*** Recorded data ***

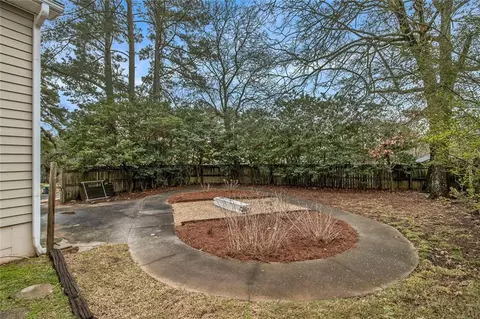 Exterior - 6645 Doublegate Ln, Rex, GA 30273 photo 8 of 9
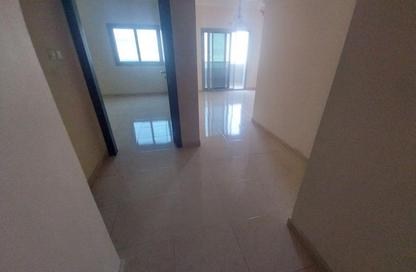 Apartment - 1 Bedroom - 1 Bathroom for rent in Muwailih Building - Muwaileh - Sharjah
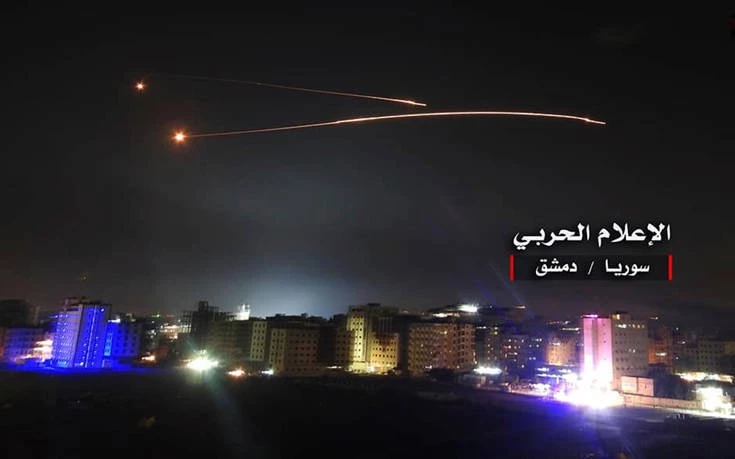 Η συριακή αντιαεροπορική άμυνα «απέκρουσε» επίθεση σε στρατιωτικό αεροδρόμιο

***

Exercise —
Begin at the line containing "Apartment - 1" and stop at the final line of the data. Retype those lines exactly, without the pictures.

Your solution —
 Apartment - 1 Bedroom - 1 Bathroom for rent in Muwailih Building - Muwaileh - Sharjah
 Η συριακή αντιαεροπορική άμυνα «απέκρουσε» επίθεση σε στρατιωτικό αεροδρόμιο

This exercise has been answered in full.